WorkflowInstanceRecord workflowInstanceRecord = record as WorkflowInstanceRecord;
if (workflowInstanceRecord != null)
{
Console.WriteLine(String.Format(CultureInfo.InvariantCulture,
" Workflow InstanceID: {0} Workflow instance state: {1}",
record.InstanceId, workflowInstanceRecord.State));
}
ActivityStateRecord activityStateRecord = record as ActivityStateRecord;
if (activityStateRecord != null)
{
IDictionary<String, object> variables = activityStateRecord.Variables;
StringBuilder vars = new StringBuilder();
if (variables.Count > 0)
{
vars.AppendLine("\n\tVariables:");
foreach (KeyValuePair<string, object> variable in variables)
{
vars.AppendLine(String.Format(
"\t\tName: {0} Value: {1}", variable.Key, variable.Value));
}
}
Console.WriteLine(String.Format(CultureInfo.InvariantCulture,
" :Activity DisplayName: {0} :ActivityInstanceState: {1} {2}",
activityStateRecord.Activity.Name, activityStateRecord.State,
((variables.Count > 0) ? vars.ToString() : String.Empty)));
}
CustomTrackingRecord customTrackingRecord = record as CustomTrackingRecord;
if ((customTrackingRecord != null) && (customTrackingRecord.Data.Count > 0))
{
...
}
Console.WriteLine();
}
In het volgende codevoorbeeld wordt de consoledeelnemer toegevoegd aan de aanroeper van de werkstroom.
ConsoleTrackingParticipant customTrackingParticipant = new ConsoleTrackingParticipant()
{
...
// The tracking profile is set here, refer to Program.CS
...
}
WorkflowInvoker invoker = new WorkflowInvoker(BuildSampleWorkflow());
invoker.Extensions.Add(customTrackingParticipant);
Aangepaste traceringsrecords verzenden
In dit voorbeeld ziet u ook de mogelijkheid om objecten uit een aangepaste werkstroomactiviteit te verzenden CustomTrackingRecord :
De CustomTrackingRecord objecten worden gemaakt en gevuld met door de gebruiker gedefinieerde gegevens die met de record moeten worden verzonden.
De CustomTrackingRecord wordt verzonden door het aanroepen van de track-methode van de ActivityContext.

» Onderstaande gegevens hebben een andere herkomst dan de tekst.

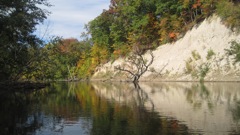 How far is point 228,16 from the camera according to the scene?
53344 mm

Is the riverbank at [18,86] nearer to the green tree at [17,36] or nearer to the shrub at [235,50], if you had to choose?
the green tree at [17,36]

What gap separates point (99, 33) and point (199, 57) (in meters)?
37.6

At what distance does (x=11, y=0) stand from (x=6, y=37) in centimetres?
355

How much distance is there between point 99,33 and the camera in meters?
88.6

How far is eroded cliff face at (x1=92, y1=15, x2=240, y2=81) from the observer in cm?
5182

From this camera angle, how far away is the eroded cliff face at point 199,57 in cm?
5182

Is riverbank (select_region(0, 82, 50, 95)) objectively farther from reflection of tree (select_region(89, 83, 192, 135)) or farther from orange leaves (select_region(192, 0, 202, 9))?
orange leaves (select_region(192, 0, 202, 9))

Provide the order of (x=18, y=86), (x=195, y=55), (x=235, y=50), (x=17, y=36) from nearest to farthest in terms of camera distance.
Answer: (x=17, y=36) → (x=18, y=86) → (x=235, y=50) → (x=195, y=55)

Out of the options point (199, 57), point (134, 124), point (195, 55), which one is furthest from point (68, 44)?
point (134, 124)

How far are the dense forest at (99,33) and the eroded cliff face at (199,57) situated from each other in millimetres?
2126

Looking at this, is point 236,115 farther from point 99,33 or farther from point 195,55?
point 99,33

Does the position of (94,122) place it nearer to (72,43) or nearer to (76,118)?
(76,118)

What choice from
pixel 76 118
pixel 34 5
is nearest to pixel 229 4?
pixel 34 5

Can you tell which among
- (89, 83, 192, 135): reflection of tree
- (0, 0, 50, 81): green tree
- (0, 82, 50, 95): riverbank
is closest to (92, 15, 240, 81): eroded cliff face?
(0, 82, 50, 95): riverbank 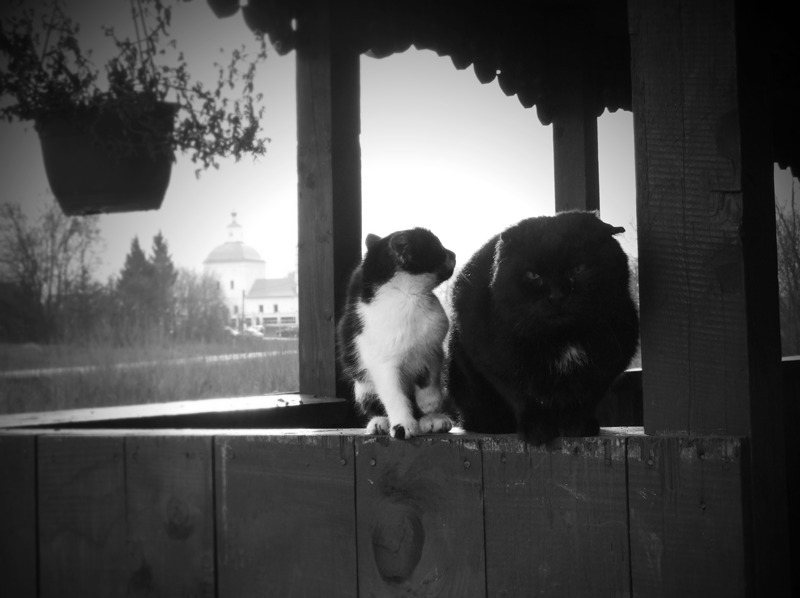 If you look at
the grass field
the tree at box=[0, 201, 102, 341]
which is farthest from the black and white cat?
the tree at box=[0, 201, 102, 341]

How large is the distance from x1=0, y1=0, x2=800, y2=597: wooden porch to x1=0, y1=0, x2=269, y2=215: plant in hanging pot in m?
0.94

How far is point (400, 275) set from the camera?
2.03m

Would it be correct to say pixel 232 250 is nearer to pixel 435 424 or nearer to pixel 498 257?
pixel 435 424

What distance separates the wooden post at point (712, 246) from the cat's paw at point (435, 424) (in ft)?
1.87

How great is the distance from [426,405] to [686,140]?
984mm

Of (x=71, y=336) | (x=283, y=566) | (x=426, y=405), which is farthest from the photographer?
(x=71, y=336)

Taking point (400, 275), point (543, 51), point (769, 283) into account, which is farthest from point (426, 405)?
point (543, 51)

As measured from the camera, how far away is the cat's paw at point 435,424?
1.82 metres

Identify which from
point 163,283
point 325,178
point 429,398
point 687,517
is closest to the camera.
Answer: point 687,517

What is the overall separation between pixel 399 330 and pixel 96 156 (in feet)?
4.86

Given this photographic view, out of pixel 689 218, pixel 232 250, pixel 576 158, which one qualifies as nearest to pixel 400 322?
pixel 689 218

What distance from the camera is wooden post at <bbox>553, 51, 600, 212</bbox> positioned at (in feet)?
13.3

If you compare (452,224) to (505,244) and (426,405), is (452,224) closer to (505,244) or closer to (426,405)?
(426,405)

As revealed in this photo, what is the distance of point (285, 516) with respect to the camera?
66.5 inches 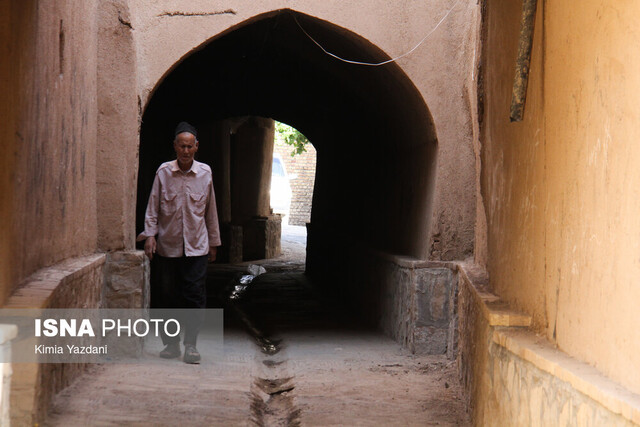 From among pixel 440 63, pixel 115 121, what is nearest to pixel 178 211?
pixel 115 121

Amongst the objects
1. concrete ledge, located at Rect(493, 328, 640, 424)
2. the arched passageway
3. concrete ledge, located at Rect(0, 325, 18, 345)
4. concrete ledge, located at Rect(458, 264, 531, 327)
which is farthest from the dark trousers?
concrete ledge, located at Rect(493, 328, 640, 424)

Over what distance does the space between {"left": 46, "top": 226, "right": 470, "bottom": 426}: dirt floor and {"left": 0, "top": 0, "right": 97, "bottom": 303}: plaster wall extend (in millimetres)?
926

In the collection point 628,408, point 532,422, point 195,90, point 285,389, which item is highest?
point 195,90

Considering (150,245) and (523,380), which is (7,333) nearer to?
(523,380)

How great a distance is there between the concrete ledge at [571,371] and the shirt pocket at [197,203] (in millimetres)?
2987

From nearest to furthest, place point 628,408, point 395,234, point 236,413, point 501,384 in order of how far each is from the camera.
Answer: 1. point 628,408
2. point 501,384
3. point 236,413
4. point 395,234

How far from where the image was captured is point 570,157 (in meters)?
3.09

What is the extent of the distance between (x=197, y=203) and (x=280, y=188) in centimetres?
2650

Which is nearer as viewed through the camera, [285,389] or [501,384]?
[501,384]

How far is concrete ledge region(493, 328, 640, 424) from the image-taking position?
2.19 m

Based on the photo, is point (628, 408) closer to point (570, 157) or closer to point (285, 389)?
point (570, 157)

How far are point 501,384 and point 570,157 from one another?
1129 millimetres

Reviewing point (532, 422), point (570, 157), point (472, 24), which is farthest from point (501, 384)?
point (472, 24)

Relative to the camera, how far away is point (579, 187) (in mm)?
2943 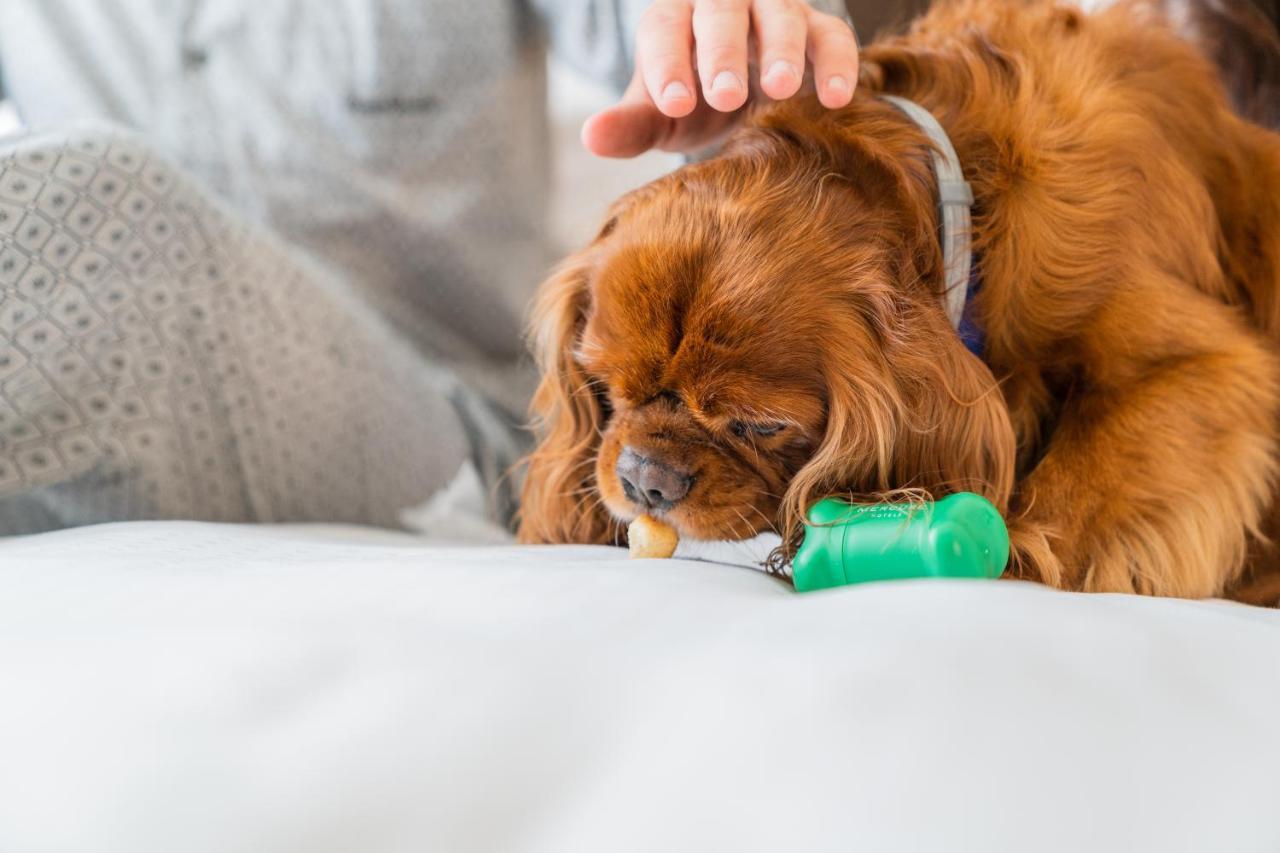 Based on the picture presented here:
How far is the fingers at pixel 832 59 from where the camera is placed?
1206 mm

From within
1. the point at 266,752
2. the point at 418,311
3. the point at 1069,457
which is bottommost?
the point at 418,311

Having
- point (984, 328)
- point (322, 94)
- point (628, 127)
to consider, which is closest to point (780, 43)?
point (628, 127)

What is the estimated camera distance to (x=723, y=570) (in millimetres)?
987

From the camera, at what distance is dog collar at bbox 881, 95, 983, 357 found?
3.91 feet

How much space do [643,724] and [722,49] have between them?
0.84 meters

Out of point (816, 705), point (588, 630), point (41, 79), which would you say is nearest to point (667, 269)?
point (588, 630)

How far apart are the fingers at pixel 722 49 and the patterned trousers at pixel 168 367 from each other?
2.33 ft

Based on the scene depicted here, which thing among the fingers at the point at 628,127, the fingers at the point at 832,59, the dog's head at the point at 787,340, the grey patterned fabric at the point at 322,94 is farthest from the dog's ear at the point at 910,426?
the grey patterned fabric at the point at 322,94

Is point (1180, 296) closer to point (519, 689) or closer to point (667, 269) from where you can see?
point (667, 269)

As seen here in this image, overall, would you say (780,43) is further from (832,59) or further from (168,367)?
(168,367)

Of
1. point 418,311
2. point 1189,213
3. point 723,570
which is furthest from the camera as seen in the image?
point 418,311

In het volgende voorbeeld ziet u hoe u CustomTrackingRecord-objecten afgeeft binnen een aangepaste activiteit.
// Create the Custom Tracking Record
CustomTrackingRecord customRecord = new CustomTrackingRecord("OrderIn")
{
Data =
{
{"OrderId", 200},
{"OrderDate", "20 Aug 2001"}
}
};
// Emit custom tracking record
context.Track(customRecord);
Dit voorbeeld gebruiken
Open met Visual Studio het CustomTrackingSample.sln-oplossingsbestand.
Druk op Ctrl+Shift+B om de oplossing te bouwen.
Druk op Ctrl+F5 om de oplossing uit te voeren.